Solved – Normalization vs Standardization for multivariate time-series

multivariate analysisnormalizationstandardizationtime series

I'm using Dynamic time warping (DWT) as a distance measure for comparing two multivariate time-series. I want to be able to cluster data using DTW as distance measure, since time-series may be shifted, skewed.

Since there are a couple of parameters I should normalize the series so that all the parameters have the same influence when trying to determine whether time-series are similar. I'm using Euclidean distance as local distance for DTW.

My question is – how to determine whether I should use normalization (subtract min and divide by max) or standardization (subtract mean and divide by standard deviation)?

Moreover, can anyone explain to me what is the point with standardization? I understand that it can help me determine how many standard deviations are values far from their mean, but why would that improve my similarity measure when comparing two time-series?

I'm not a statistician, so any explanation would be great. I understand that normalization would give me values in range [0,1] so that all parameters have values in same range, but what will I get by standardization?

Finally, should I divide each time-series by the standard deviation of the whole dataset, or only by standard deviation of the time-series I'm standardizing?

I must also emphasize that my data does not belong to a normal distribution.

Best Answer

@Chris has a very good answer. There is one important point to make about standardization/normalization, though I am not sure if it 100% applies to the OP case. The point is that you want to be careful about "data leakage" from the future into the past.

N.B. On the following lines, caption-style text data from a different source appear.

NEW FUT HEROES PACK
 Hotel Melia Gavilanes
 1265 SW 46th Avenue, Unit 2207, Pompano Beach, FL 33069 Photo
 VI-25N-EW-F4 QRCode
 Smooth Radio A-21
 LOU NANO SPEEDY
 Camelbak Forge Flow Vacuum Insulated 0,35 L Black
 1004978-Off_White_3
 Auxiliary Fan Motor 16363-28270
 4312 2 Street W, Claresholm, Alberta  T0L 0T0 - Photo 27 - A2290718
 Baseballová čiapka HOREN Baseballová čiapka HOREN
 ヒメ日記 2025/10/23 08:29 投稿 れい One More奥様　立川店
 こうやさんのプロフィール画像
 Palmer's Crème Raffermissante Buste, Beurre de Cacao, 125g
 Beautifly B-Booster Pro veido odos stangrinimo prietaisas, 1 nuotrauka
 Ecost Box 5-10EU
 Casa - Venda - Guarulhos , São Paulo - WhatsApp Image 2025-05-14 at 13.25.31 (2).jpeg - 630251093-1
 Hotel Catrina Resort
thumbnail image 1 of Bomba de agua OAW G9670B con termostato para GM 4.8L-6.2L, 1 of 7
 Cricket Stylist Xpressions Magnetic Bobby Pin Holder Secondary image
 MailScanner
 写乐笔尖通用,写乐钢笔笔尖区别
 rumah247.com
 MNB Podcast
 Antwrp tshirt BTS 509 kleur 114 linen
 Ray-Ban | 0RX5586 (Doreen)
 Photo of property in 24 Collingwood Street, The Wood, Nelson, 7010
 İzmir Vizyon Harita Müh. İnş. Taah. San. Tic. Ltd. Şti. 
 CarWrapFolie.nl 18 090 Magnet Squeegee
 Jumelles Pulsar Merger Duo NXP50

I am not sure what you plan to do after applying the DTW, but say you are in a forecasting scenario where you want to predict the future. Also for the sake of example say you have 10 years of data and you want to train your model on the first 9 years and test on the last year. When you standardize, you should only standardize over data from the first 9 years. So if you are using the formula as @Nick Cox suggested of $(value − min) / (max − min)$, then you want to only to get the $max$ and $min$ values over the first 9 years, and not over the entire 10 year range. If normalize the first 9 years of data using information from the first 10 years, then you are leaking some data from the future into the past. So then you will end up with worse prediction performance between your testing set and validation set, or such.

Again, the OP did not explicitly mention this issue, but I thought that other users who visit this post might want to know about the data leakage issue.